### What to do
Give back the lines below exactly, but do not include any pictures.

### Available data
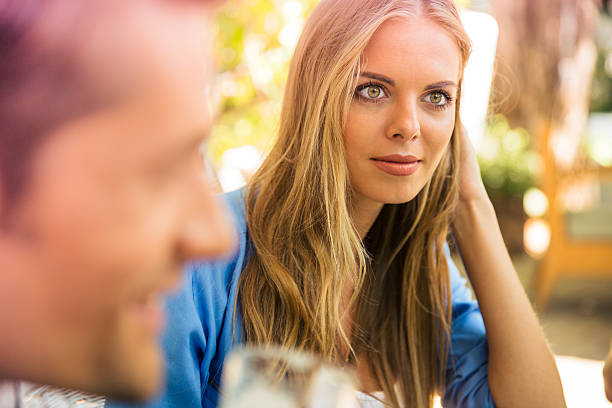 istock Woman sitting in outdoor restaurant 487527052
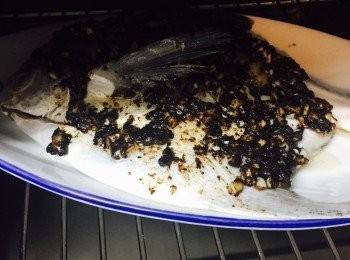 step3: 碟上先放兩片薑，然後放上鯧魚。鯧魚上再放兩片薑，然後均勻塗上蒜蓉豆豉醬。隔水蒸7分鐘或用蒸爐110度蒸10分鐘至熟。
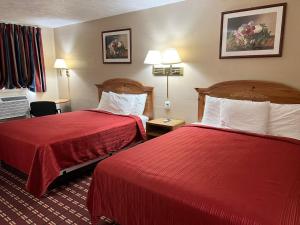 a hotel room with two beds with red sheets at Economy Inn McCook in McCook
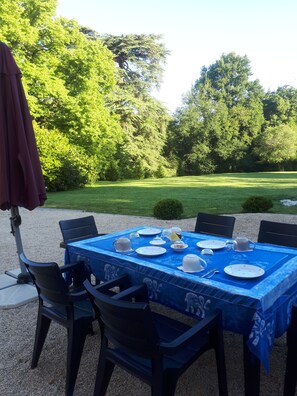 Een buiten eethoek met een tafel voor vier personen, omringd door stoelen en een tafelkleed met een blauw patroon.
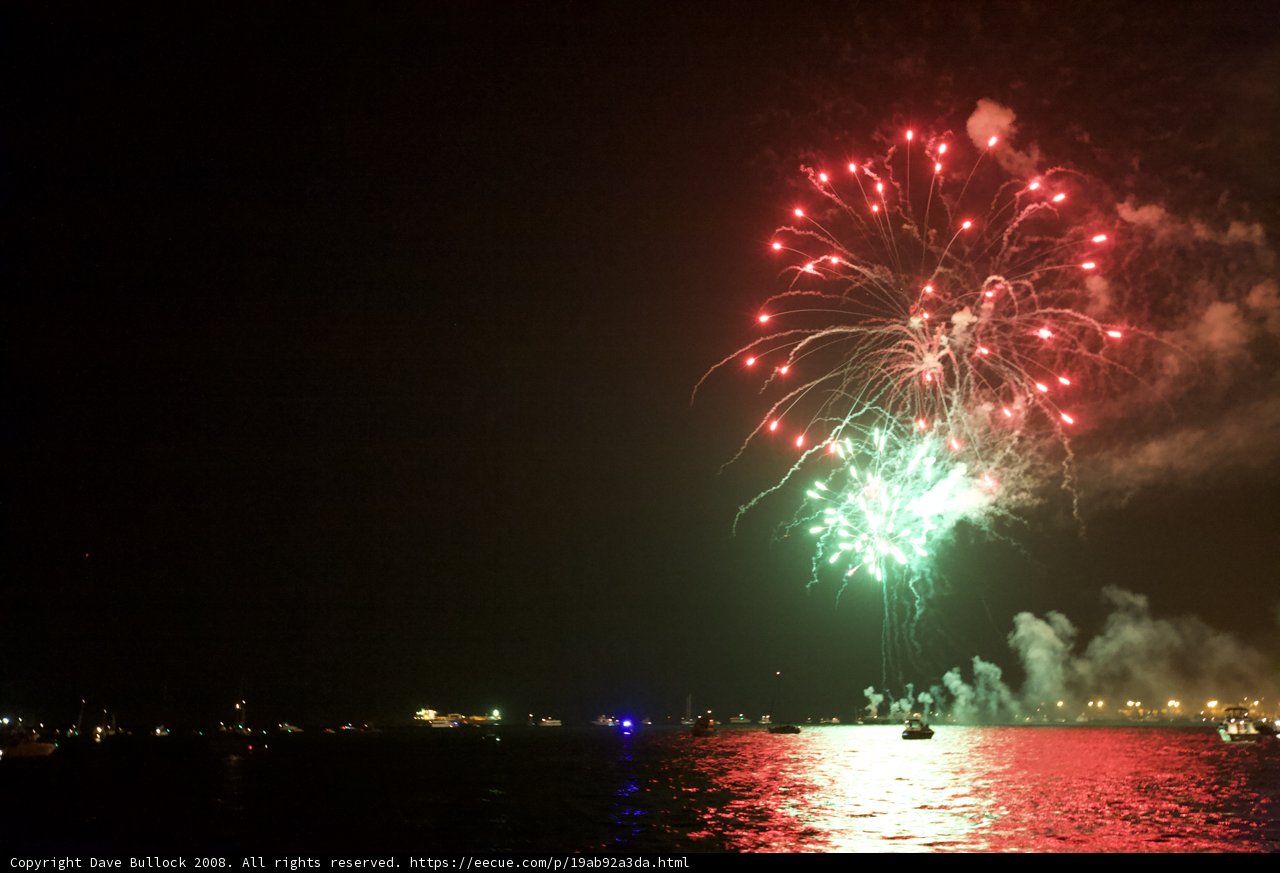 Fourth of July Spectacular on the Water Caption: A dazzling display of pyrotechnics lights up the night sky over six boats and two cars on the water, creating an unforgettable Fourth of July celebration.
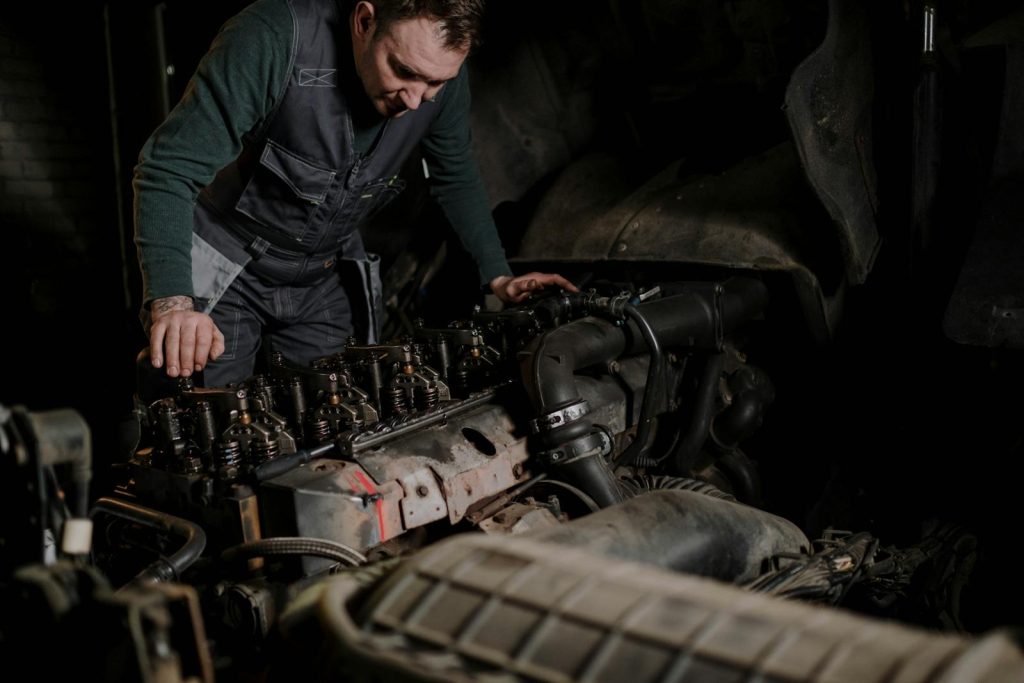 Mechanic focused on vehicle engine repair in an indoor workshop.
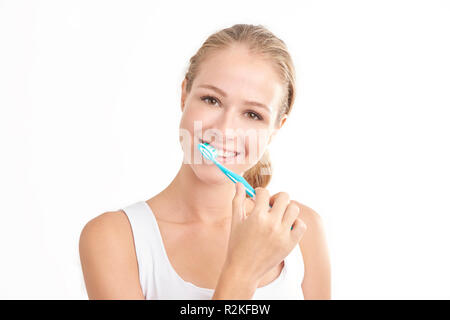 Studio shot of beautiful young woman brushing her teeth while looking at camera and smiling. Isolated on white background. Stock Photo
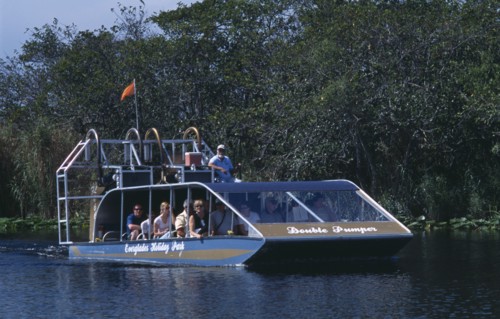 USA, Florida, Fort Lauderdale, Tourists Air boating in the Everglades National Park
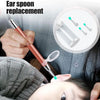A hand is using a replacement ear spoon for otoscope cleaning on a child's ear.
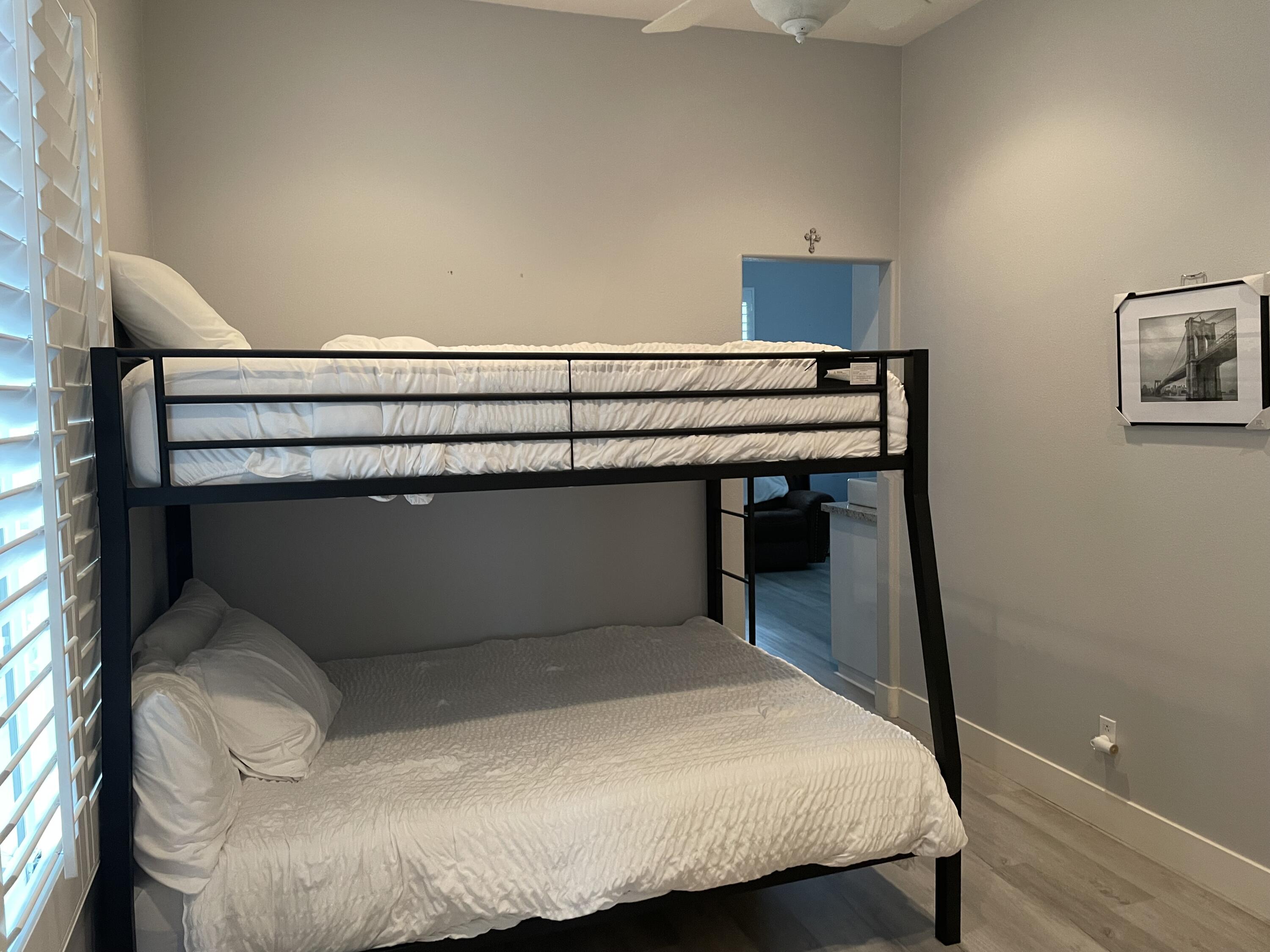 61232 Cactus Spring Drive La Quinta, CA 92253 - Photo 23 of 30 a bedroom with a bed and a desk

### Exercise result
 istock Woman sitting in outdoor restaurant 487527052
 step3: 碟上先放兩片薑，然後放上鯧魚。鯧魚上再放兩片薑，然後均勻塗上蒜蓉豆豉醬。隔水蒸7分鐘或用蒸爐110度蒸10分鐘至熟。
 a hotel room with two beds with red sheets at Economy Inn McCook in McCook
 Een buiten eethoek met een tafel voor vier personen, omringd door stoelen en een tafelkleed met een blauw patroon.
 Fourth of July Spectacular on the Water Caption: A dazzling display of pyrotechnics lights up the night sky over six boats and two cars on the water, creating an unforgettable Fourth of July celebration.
 Mechanic focused on vehicle engine repair in an indoor workshop.
 Studio shot of beautiful young woman brushing her teeth while looking at camera and smiling. Isolated on white background. Stock Photo
 USA, Florida, Fort Lauderdale, Tourists Air boating in the Everglades National Park
A hand is using a replacement ear spoon for otoscope cleaning on a child's ear.
 61232 Cactus Spring Drive La Quinta, CA 92253 - Photo 23 of 30 a bedroom with a bed and a desk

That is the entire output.